16.1 ONLY the works that God has commanded in His holy Word are to be accounted good works. Such works, as men have invented out of blind zeal or upon the mere pretense of good intentions, are not good, for they lack the sanction of Holy Scripture. Isa. 29:13; Mic. 6:8; Matt. 15:9; Heb. 13:21.
16.2 Works that are truly good, and which are done in obedience to God's commandments, are the fruits and evidences of a true and living faith. By means of them believers make known their thankfulness, strengthen their assurance of salvation, edify their brethren, adorn their Christian witness, and deprive their opponents of arguments against the gospel.
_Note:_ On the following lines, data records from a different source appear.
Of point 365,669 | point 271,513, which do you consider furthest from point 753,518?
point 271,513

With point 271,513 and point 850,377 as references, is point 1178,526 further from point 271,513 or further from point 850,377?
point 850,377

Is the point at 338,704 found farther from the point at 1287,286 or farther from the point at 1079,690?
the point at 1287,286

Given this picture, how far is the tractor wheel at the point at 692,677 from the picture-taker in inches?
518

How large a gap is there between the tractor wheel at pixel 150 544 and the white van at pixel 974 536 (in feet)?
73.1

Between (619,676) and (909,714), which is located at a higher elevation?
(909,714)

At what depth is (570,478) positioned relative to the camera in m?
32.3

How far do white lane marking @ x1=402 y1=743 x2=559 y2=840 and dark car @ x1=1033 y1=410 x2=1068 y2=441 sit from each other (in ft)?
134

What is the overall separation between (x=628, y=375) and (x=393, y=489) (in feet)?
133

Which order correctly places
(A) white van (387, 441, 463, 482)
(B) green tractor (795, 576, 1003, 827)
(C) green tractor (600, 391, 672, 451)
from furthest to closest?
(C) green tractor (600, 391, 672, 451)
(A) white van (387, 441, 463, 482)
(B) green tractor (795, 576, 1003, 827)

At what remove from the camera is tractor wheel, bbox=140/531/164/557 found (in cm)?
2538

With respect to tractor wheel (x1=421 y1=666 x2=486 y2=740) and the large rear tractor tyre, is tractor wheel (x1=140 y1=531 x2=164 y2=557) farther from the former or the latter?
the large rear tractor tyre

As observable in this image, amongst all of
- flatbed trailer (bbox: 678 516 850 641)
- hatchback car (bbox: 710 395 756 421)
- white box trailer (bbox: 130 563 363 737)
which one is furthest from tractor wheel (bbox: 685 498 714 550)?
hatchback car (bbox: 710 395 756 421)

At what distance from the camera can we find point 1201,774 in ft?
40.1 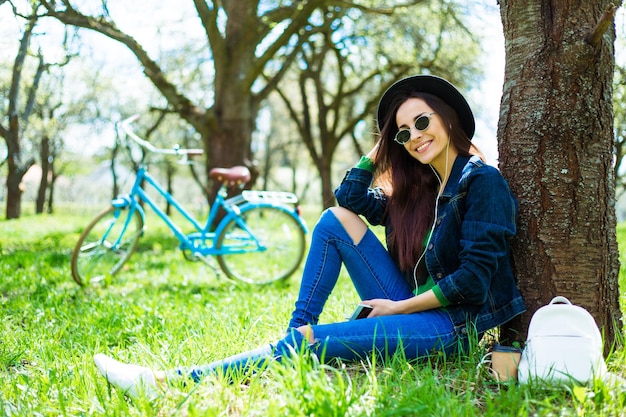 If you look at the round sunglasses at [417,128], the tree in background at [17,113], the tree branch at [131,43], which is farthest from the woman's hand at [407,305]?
the tree branch at [131,43]

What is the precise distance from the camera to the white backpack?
2.01 metres

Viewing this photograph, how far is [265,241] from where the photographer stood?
5.52 meters

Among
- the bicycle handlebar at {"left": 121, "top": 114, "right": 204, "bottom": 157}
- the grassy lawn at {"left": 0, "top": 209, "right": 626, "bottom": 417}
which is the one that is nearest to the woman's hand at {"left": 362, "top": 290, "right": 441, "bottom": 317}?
the grassy lawn at {"left": 0, "top": 209, "right": 626, "bottom": 417}

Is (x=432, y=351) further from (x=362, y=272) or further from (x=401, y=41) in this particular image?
(x=401, y=41)

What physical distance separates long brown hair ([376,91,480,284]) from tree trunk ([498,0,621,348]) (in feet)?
1.07

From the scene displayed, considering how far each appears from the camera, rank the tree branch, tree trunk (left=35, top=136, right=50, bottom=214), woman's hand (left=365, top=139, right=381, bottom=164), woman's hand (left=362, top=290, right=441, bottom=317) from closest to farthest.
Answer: woman's hand (left=362, top=290, right=441, bottom=317) → woman's hand (left=365, top=139, right=381, bottom=164) → the tree branch → tree trunk (left=35, top=136, right=50, bottom=214)

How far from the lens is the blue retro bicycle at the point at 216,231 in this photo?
506cm

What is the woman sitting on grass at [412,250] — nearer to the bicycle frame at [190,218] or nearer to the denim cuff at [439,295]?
the denim cuff at [439,295]

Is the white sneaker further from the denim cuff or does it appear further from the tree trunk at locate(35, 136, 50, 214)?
the tree trunk at locate(35, 136, 50, 214)

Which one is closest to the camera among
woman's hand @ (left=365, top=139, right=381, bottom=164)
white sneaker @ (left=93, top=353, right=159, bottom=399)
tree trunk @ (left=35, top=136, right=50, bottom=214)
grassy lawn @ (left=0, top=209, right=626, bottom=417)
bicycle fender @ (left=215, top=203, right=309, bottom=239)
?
grassy lawn @ (left=0, top=209, right=626, bottom=417)

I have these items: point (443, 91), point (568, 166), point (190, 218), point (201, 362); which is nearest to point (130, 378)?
point (201, 362)

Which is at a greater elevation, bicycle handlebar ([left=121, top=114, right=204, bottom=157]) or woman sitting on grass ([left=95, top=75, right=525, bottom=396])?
bicycle handlebar ([left=121, top=114, right=204, bottom=157])

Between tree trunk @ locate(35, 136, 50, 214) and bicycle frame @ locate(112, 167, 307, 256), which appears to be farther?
tree trunk @ locate(35, 136, 50, 214)

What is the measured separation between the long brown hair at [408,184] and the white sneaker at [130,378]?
3.92ft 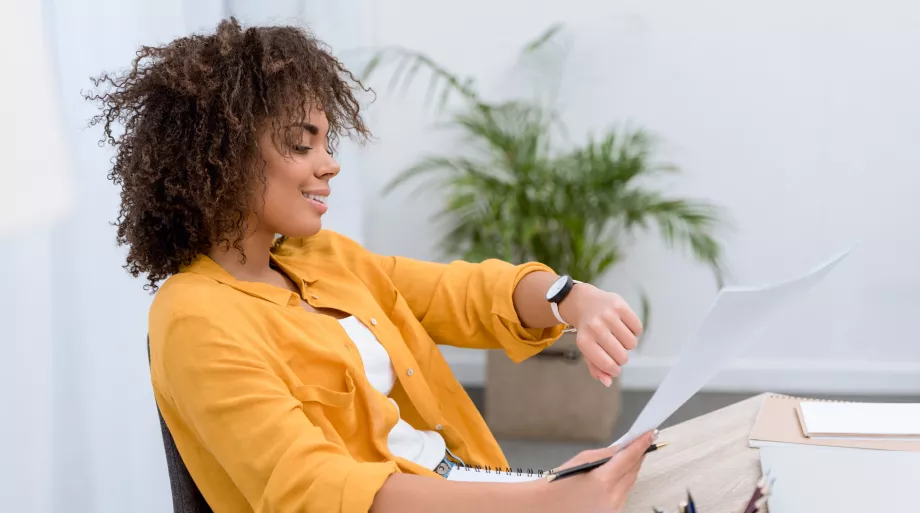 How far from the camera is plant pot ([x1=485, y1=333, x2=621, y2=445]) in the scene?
279 centimetres

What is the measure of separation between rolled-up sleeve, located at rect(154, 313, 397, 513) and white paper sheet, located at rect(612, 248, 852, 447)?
0.86ft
In sum, they glorify God who has made them what they are, namely, new creatures in Christ; and as such they yield fruit that evidences holiness, eternal life being the outcome of all. Ps. 116:12,13; Matt. 5:16; Rom. 6:22; Eph. 2:10; Phil. 1:11; 1 Tim. 6:1; Jas. 2:18,22; 1 Pet. 2:15; 2 Pet. 1:5-11; 1 John 2:3,5.
16.3 The ability of believers to do good works does not spring in any way from themselves, but is derived from the Spirit of Christ alone. But besides the graces which they receive from Him in the first instance, they need His further actual influence to give them the will and ability to perform the works that please Him. Yet this does not mean that, without that special influence, they are at liberty to grow careless of duty, for they must be diligent in stirring into activity the grace of God that is in them. Isa. 64:7; John 15:4,5; 2 Cor. 3:5; Phil. 2:12,13; Heb. 6:11,12.